Yes, it is. Using NFP is using a system that God provided. God provided women with cycles of fertile and infertile times and a means to identify them. The fact that it’s not 100% effective and one is still using it is testimony to trusting in God. I can’t even count how many posts have said that NFP didn’t work for a couple.
And the fact of the matter is, if you DO have a child, that child is, for purposes of NFP, a “failure” of NFP to work and, to a lesser extent, can even be considered an unwanted or inconvenient child at that time. How sad!
With all due respect, what is sad is the fact that you tagged this on to what I said. This is not what I said, nor how I feel. Please do not add to my words.
Outside of really good reasons for doing so (which one should acknowledge as being a deviation from the normal activity of the marriage), I can’t see the use of NFP as having any interplay with “trusting God”. NFP - justified or not - is the use of information to intervene in the natural process for a time. It is not the same and cannot be comparable to the couple who simply has relations without consulting a calendar.
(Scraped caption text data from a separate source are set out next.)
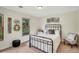 Comfortable bedroom with a metal bed frame, neutral decor, and natural light from the windows at 2715 Woods Ridge Dr, Alpharetta, GA 30022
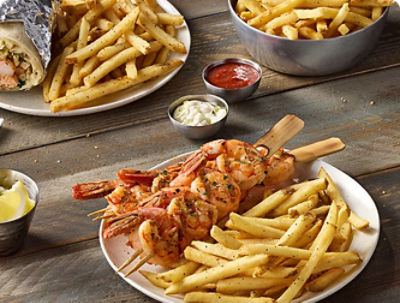 Seasoned fries plated with shrimp, burrito, and dipping sauces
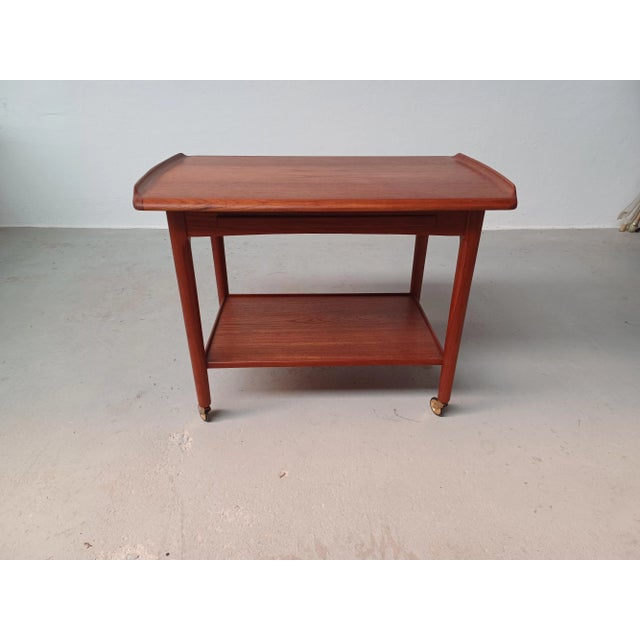 Fully restored Danish teak bar cart with integrated tray, 1960s. The well designed table with an integrated teak tray is...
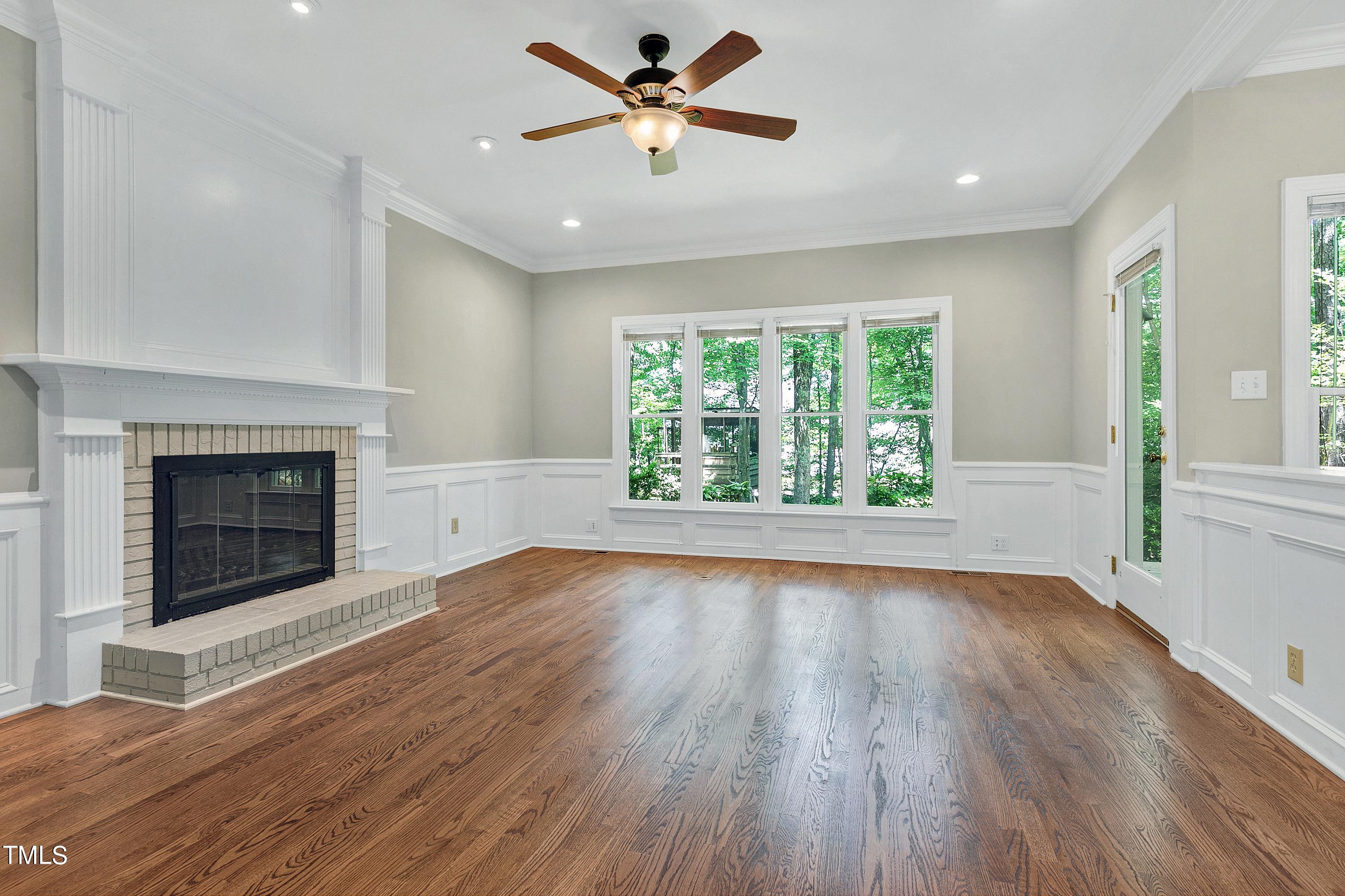 100 Buckden Place Cary, NC 27518 - Photo 9 of 70 an empty room with windows fireplace and a sink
You don’t have to use NFP. But the fact of the matter is that the Church allows for it, and the Catholic Church allows NFP precisely because it does not in any way intervene in the natural process. It actually works with the natural process.
 
This is not a useful comment.

I asked the question because some posters (you included) are saying that I, personally, (and everyone else) should have as many children as God wants to give me. So, he must have a number. Shouldn’t we be trying to discern that number?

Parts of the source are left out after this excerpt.